LEGO’s five-set Pokémon reveal on 7th July 2026 has a Legendary and a 2,000-piece showstopper — and then it has Munchlax (72150), the 757-piece, 69.99 EUR entry point that most families will actually buy. The perpetually hungry Normal-type comes posable, over 18 cm tall, and parked on a tree stump surrounded by the evidence of its last meal.

🔴 This story is part of our LEGO Pokémon hub – every set from LEGO’s long-awaited Pokémon line, built and graded by a dad.

Why It Matters for Dads

Every reveal wave needs a set that doesn’t require a budget meeting, and Munchlax is it. At 757 pieces this is a relaxed two-evening build — or one shared weekend-afternoon build with a Pokémon-obsessed kid, which is where the real value sits. The 18+ badge on the box is about the display-piece positioning, not the difficulty; like the Pikachu and Poké Ball (72152) from the first wave, this is family-proof LEGO in adult packaging.

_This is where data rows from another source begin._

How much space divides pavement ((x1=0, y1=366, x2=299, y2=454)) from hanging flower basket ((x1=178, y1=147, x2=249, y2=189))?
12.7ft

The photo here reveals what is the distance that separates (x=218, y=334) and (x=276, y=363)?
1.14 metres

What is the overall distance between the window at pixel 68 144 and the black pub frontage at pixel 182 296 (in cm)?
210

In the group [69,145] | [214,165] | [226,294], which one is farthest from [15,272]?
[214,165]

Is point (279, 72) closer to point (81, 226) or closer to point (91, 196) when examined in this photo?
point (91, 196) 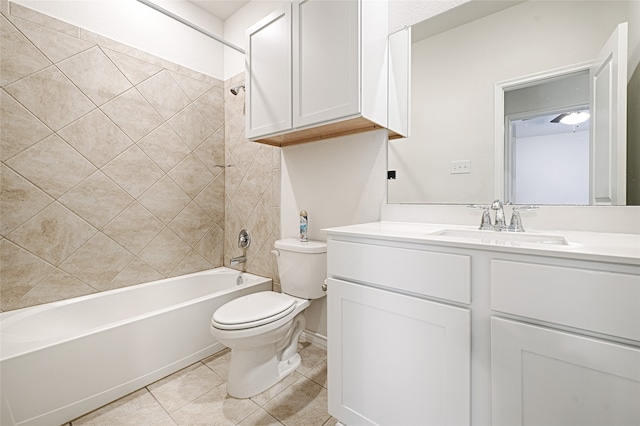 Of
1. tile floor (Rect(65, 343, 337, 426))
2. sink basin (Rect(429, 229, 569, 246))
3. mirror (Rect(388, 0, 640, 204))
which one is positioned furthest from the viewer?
tile floor (Rect(65, 343, 337, 426))

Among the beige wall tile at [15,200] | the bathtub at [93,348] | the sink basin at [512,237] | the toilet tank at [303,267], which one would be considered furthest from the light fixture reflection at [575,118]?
the beige wall tile at [15,200]

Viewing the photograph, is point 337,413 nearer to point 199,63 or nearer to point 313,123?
point 313,123

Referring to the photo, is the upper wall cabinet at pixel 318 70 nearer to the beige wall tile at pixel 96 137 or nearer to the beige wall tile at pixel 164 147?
the beige wall tile at pixel 164 147

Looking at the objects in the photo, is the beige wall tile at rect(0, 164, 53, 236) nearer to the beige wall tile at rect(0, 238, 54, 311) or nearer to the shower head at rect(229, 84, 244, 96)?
the beige wall tile at rect(0, 238, 54, 311)

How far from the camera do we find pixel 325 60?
1.47 metres

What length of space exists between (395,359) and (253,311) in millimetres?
788

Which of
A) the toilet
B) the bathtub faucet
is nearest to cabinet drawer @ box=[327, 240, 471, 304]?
the toilet

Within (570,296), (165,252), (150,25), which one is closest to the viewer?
(570,296)

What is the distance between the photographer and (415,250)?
3.09ft

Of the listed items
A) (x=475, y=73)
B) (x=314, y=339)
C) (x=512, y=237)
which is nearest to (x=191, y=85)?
(x=475, y=73)

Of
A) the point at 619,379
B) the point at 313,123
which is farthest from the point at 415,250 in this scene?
the point at 313,123

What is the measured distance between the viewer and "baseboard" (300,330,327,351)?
1.94 meters

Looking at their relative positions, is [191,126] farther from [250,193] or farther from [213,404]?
[213,404]

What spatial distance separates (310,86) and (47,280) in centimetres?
195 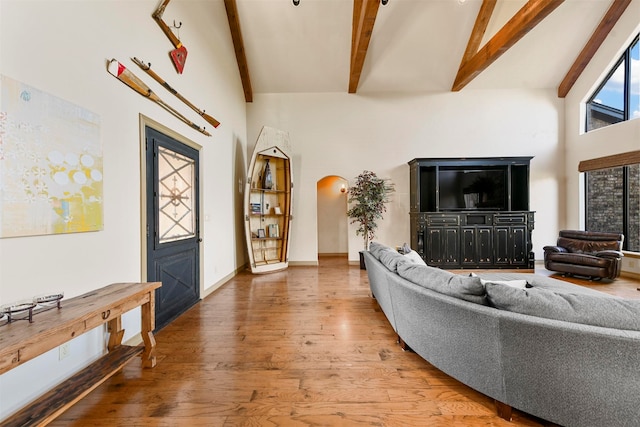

The design leans into the joke properly: the round teal body, the cream belly, the mouth permanently ready for the next bite — and a base that is not a pedestal but a picnic aftermath, with an apple still whole and two cores already dealt with. Posable arms, legs and a rotatable head mean the kids can adjust the snacking pose without dismantling anything. If the cuter corner of this line is your thing, the Eevee (72151) remains our benchmark for charm per brick.

The LEGO Munchlax figure displayed next to its separate tree stump base with apple, mushrooms and flower details on a red desk
Figure and snack-stump base are separate builds — display them together or apart. Photos used with permission. ©2026 The LEGO Group.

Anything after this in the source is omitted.